Sherlock never liked to admit that the events of his childhood had played such a large role on who he would become but they had. The man who hadn't deserved the space in Sherlock's memory to remember a name, had taken a part of Sherlock, a part of him that he could never get back. It was Mycroft, always Mycroft ever since he was a babe that had been there to protect him, and Sherlock had expected that piece of him to be rescued, to be saved.

Sherlock hadn't known why he hadn't told anyone; shame maybe, embarrassment, the thought that people would think him a liar because he'd still cared about things like that back then. But then Sherlock had never had to tell Mycroft anything for him to know that something was wrong. He'd always known. But that time had been different as Mycroft was around less and less as his studies and job kept him far too busy.

For a while, Sherlock had thought he'd deserved it, that it had been his punishment for giving the people in his life such a hard time. But then he'd been angry, and hated everyone and everything. And after a bit, he'd just stopped feeling at all, locking it all away because it was easier that way.

That night that Mycroft found them, Sherlock had felt a thousand things at once, the dam opening at the sight of his brother. But most of all he'd been terrified of his brother, of the violence he had inflicted on the man and after that Sherlock barely recognized Mycroft as though his brother had changed into someone else right before his very eyes.

Mycroft had called someone, had the man taken away and helped Sherlock clean up. Sherlock had wanted to confess it all, but he couldn't find the words and Mycroft had been so angry. Mycroft was never angry and that had terrified Sherlock. They didn't talk about it, not in the weeks that followed, not for a long time. Mummy had tried to talk to him about it once, but he'd closed her out. It wasn't something he'd wanted to discuss. On the outside things had gone back to much the way they'd been before the man, but everything was different. Sherlock was different. Mycroft was different.

And then finally the day that he'd wanted to talk, that he'd tried to talk, and Mycroft had looked right through him, with that face he wore when he was on a business call. But it hadn't been perfect yet, the mask, and Sherlock saw it, saw the truth of how he felt. Mycroft didn't want to talk about it, so Sherlock hadn't. He'd never tried again. Not with anyone.

Sherlock had never had felt attraction before those events and certainly hadn't had any interest in sex after. Oh, he'd done his fair share of things to get money for the drugs when he'd needed it, but it hadn't been because he'd enjoyed it. It had been a necessity like any other, done because you had to, not because you liked it or wanted to. Mycroft would have given Sherlock the money if he'd asked, he knew, but he couldn't cross that line.

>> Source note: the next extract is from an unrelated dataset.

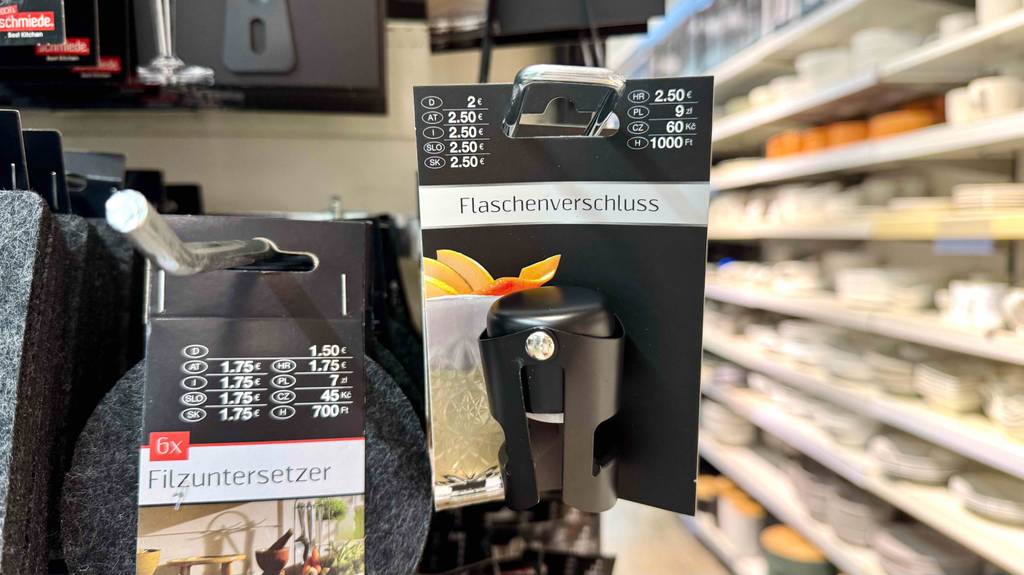 Getestet: Ein Flaschenverschluss in Schwarz hängt mit seiner Kartonage an einem Regal.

It had been a copper of all people, Detective Inspector Lestrade who had been able to pull Sherlock out of that life, offering him a new addiction in place of the old. But for this new one Sherlock needed all of his senses, needed his mind sharp and not clouded with the high of the drugs as great as they were at disguising the past. Sherlock had known that Lestrade's reasons for helping hadn't been all that altruistic, but it had been what Sherlock had needed at the time.

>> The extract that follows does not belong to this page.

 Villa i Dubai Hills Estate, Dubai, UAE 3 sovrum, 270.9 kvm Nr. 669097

Sherlock had been fine with his lack of sexual interest, with how he was, or he'd thought it hadn't been important. Things changed with the entrance of John into Sherlock's life. With John, Sherlock wished that he was interested. There was nothing he wouldn't do for John, nothing that he didn't want to experience with John. Caring is not an advantage, the mantra that his brother had taught him so many years ago went out the window with John, and Sherlock hadn't fought it, hadn't been able to fight it.

Mycroft's little show for John wasn't really a surprise, but it wasn't really welcome either. Oh, Sherlock wasn't blind to miss what his brother did, the surveillance, the overdose that should have seen him dead only to wake up in the hospital with his treatment paid for in full by an anonymous beneficiary. Sherlock knew that Mycroft was there, but couldn't help but hate him a little for it.

Sherlock had forgiven his brother a long time ago, but he could never forget. It hadn't been Mycroft's fault, not really, but for a long time, Sherlock had blamed him, blamed himself. It had been years before he could admit that no one was to blame but the man. And by then Sherlock had lost himself. The gap between them had been too wide for him to traverse, as he'd been more than a little leery of risking himself to that kind of hurt.

All Sherlock had needed was the words, for years he'd hoped that Mycroft would come save him as he'd always done, but he knew what Mycroft thought of him, had seen his disgust so many times, and knew that it would never happen. There was no going back to what they'd had before, not matter how much Sherlock wanted it. He loved his brother, but he didn't need him anymore.

The past didn't define Sherlock, but it was a part of him that he could never 'delete' no matter how hard he wished it. Maybe with John, Sherlock could be himself.